WEBHOOK_SECRET_CLUSTER = os.environ.get("WEBHOOK_SECRET_CLUSTER", "")

In .env.sample, after the StatsD section, add:


# Cluster (multi-instance)
# Set HUB_URL to make this instance an agent that pushes to a hub
# Set CLUSTER_ENABLED=1 to make this instance a hub that accepts cluster payloads
# HUB_URL=https://monitoring-hub.example.com
# CLUSTER_ENABLED=0
# WEBHOOK_SECRET_CLUSTER=
# INSTANCE_ID=

Step 2: Commit

git add config/settings.py .env.sample
git commit -m "feat: add cluster settings (HUB_URL, CLUSTER_ENABLED, INSTANCE_ID)"

Task 2: Create ClusterDriver

Files:

  • Create: apps/alerts/drivers/cluster.py
  • Create: apps/alerts/_tests/drivers/test_cluster.py

Step 1: Write the tests

Create apps/alerts/_tests/drivers/test_cluster.py:

import socket
from datetime import datetime
from datetime import timezone as dt_tz

from django.test import TestCase, override_settings

from apps.alerts.drivers.cluster import ClusterDriver


class ClusterDriverValidateTests(TestCase):
    """Tests for ClusterDriver.validate()."""

    def setUp(self):
        self.driver = ClusterDriver()

    def test_validate_accepts_cluster_payload(self):
        payload = {
            "source": "cluster",
            "instance_id": "web-01",
            "alerts": [{"name": "CPU high", "status": "firing"}],
        }
        self.assertTrue(self.driver.validate(payload))

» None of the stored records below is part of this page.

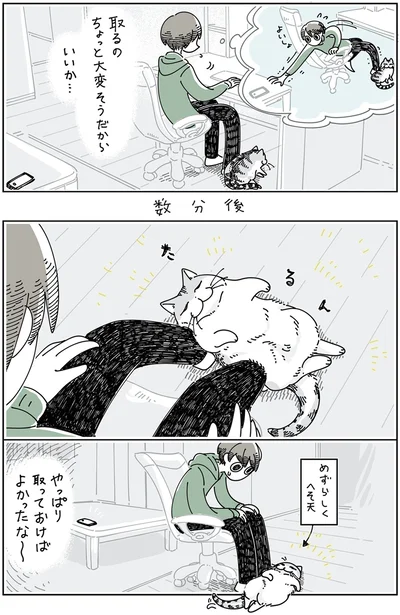 『夜は猫といっしょ5』より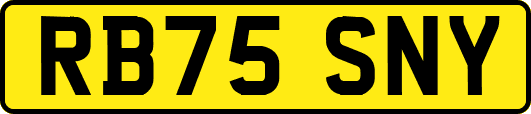 RB75SNY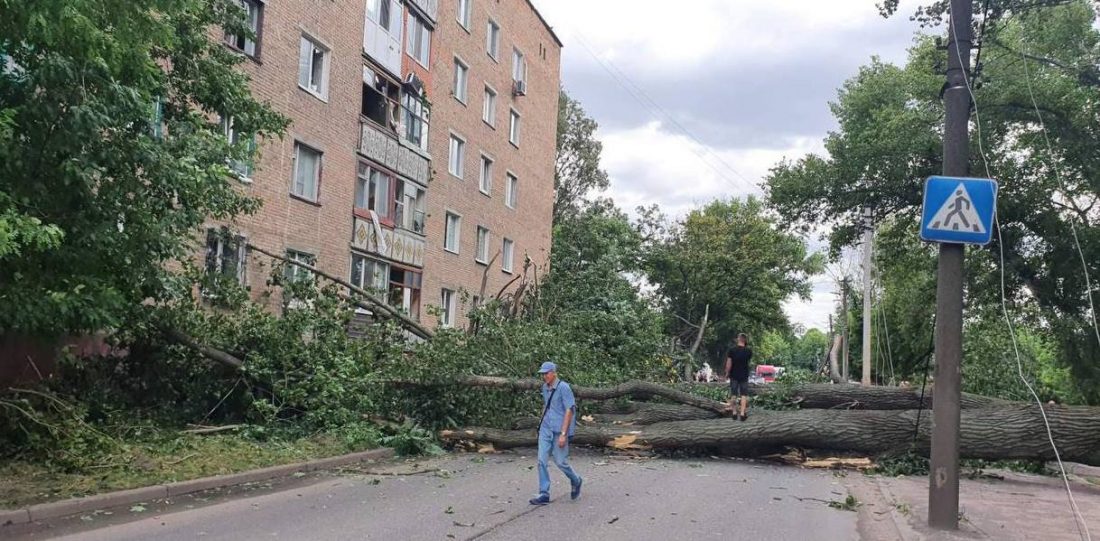 Велетенська тополя впала на багатоквартирний будинок в Олександрії на Кіровоградщині. ФОТО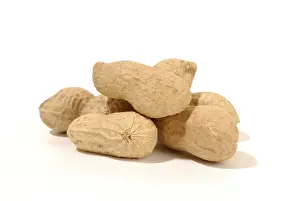 Close Up Peanuts Drucke: Peanuts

    def test_validate_rejects_missing_source(self):
        payload = {"instance_id": "web-01", "alerts": []}
        self.assertFalse(self.driver.validate(payload))

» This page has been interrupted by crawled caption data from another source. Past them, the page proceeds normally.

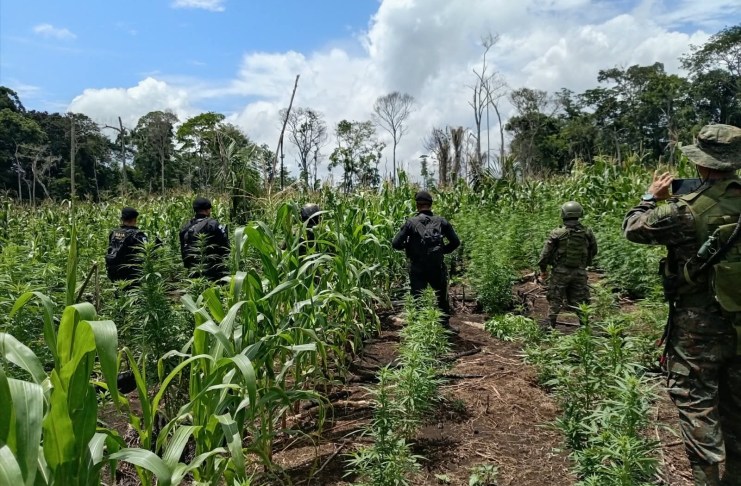 “Tierras fértiles” de Guatemala atraen al narcotráfico: busca producir y almacenar droga, dice Mingob Elementos del Ejército y la PNC erradicaron más de 21 mil matas de marihuana en Las Cruces, Petén.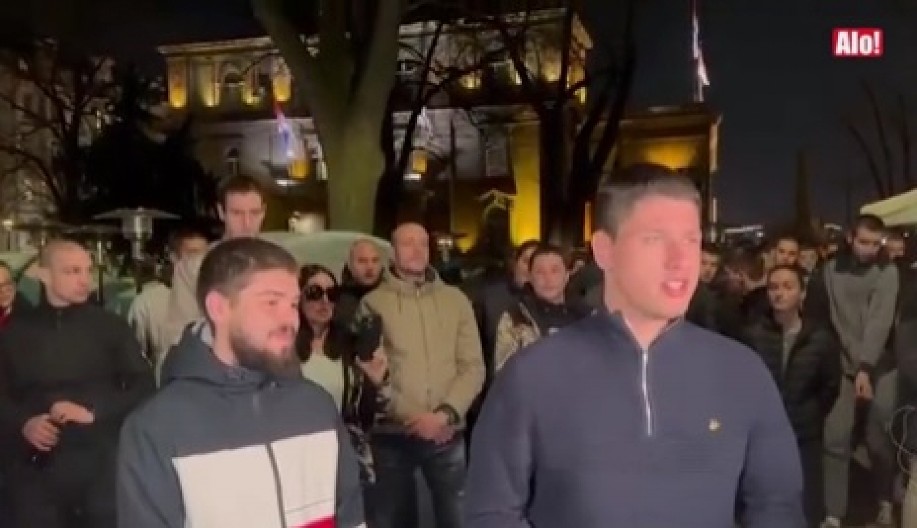 SA BLOKADA DOŠAO U PIONIRSKI PARK Daliboru su aktivisti blokaderi PRETILI, ali nije vredelo - on želi da UČI (VIDEO)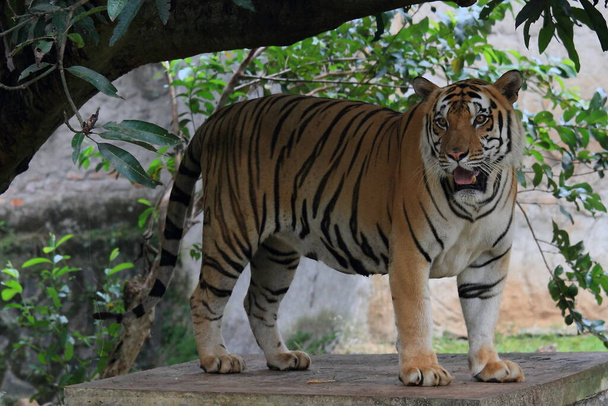 tigre, sumatra tigre animal fauna fotografía - Foto, Imagen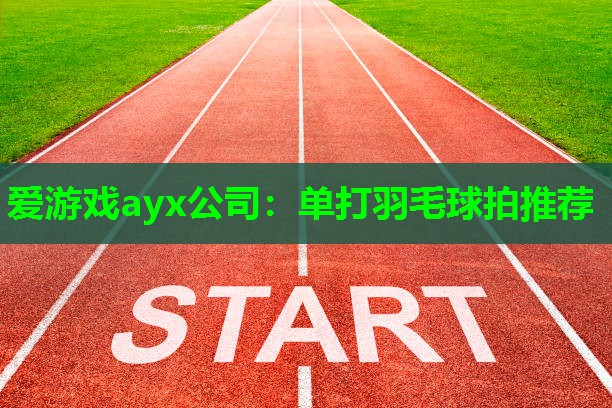 爱游戏ayx公司：单打羽毛球拍推荐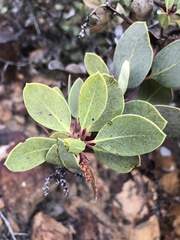 Arctostaphylos rainbowensis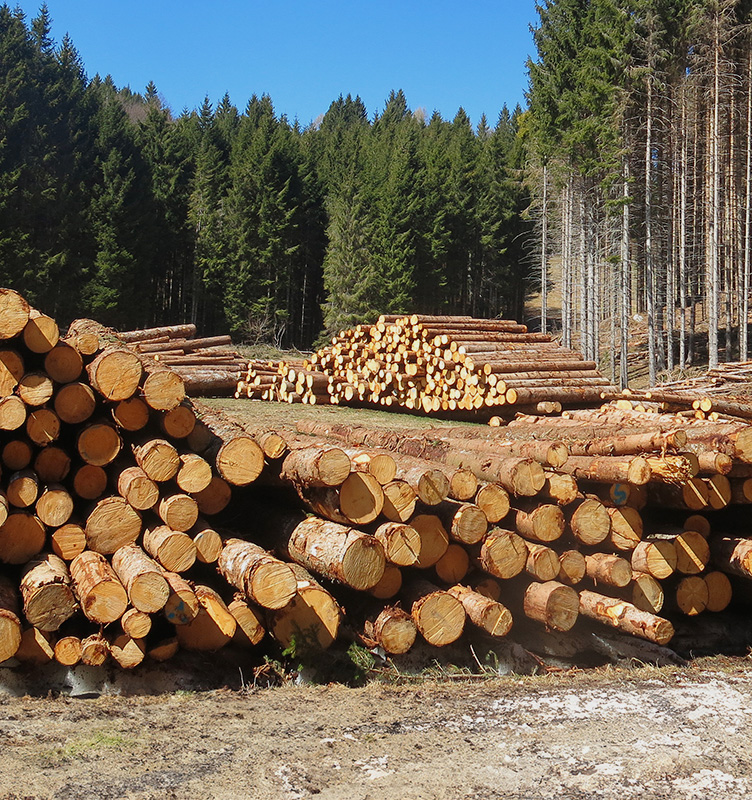 Rimozione Alberi Caduti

    def test_validate_rejects_wrong_source(self):
        payload = {"source": "grafana", "instance_id": "web-01", "alerts": []}
        self.assertFalse(self.driver.validate(payload))

    def test_validate_rejects_missing_instance_id(self):
        payload = {"source": "cluster", "alerts": []}
        self.assertFalse(self.driver.validate(payload))

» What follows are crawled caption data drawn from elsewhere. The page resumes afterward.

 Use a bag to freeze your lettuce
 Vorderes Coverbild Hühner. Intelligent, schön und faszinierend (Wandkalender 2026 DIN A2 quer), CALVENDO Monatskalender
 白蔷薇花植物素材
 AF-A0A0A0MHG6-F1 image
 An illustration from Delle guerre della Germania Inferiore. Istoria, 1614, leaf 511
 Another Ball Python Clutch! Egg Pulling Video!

    def test_validate_rejects_missing_alerts(self):
        payload = {"source": "cluster", "instance_id": "web-01"}
        self.assertFalse(self.driver.validate(payload))


class ClusterDriverParseTests(TestCase):
    """Tests for ClusterDriver.parse()."""

    def setUp(self):
        self.driver = ClusterDriver()

    def test_parse_single_alert(self):
        payload = {
            "source": "cluster",
            "instance_id": "web-01",
            "hostname": "ip-10-0-1-42",
            "version": "1.0",
            "alerts": [
                {
                    "fingerprint": "cpu-check-web01",
                    "name": "CPU usage critical",
                    "status": "firing",
                    "severity": "critical",
                    "started_at": "2026-03-29T12:00:00Z",
                    "labels": {"checker": "cpu", "hostname": "ip-10-0-1-42"},
                    "annotations": {"message": "CPU at 95.2%"},
                    "metrics": {"cpu_percent": 95.2},
                }
            ],
        }
        result = self.driver.parse(payload)

        self.assertEqual(result.source, "cluster")
        self.assertEqual(len(result.alerts), 1)

        alert = result.alerts[0]
        self.assertEqual(alert.name, "CPU usage critical")
        self.assertEqual(alert.status, "firing")
        self.assertEqual(alert.severity, "critical")
        self.assertEqual(alert.fingerprint, "cpu-check-web01")
        self.assertEqual(alert.labels["instance_id"], "web-01")
        self.assertEqual(alert.labels["hostname"], "ip-10-0-1-42")

    def test_parse_multiple_alerts(self):
        payload = {
            "source": "cluster",
            "instance_id": "web-01",
            "alerts": [
                {"name": "CPU high", "status": "firing", "severity": "warning"},
                {"name": "Disk full", "status": "firing", "severity": "critical"},
            ],
        }
        result = self.driver.parse(payload)
        self.assertEqual(len(result.alerts), 2)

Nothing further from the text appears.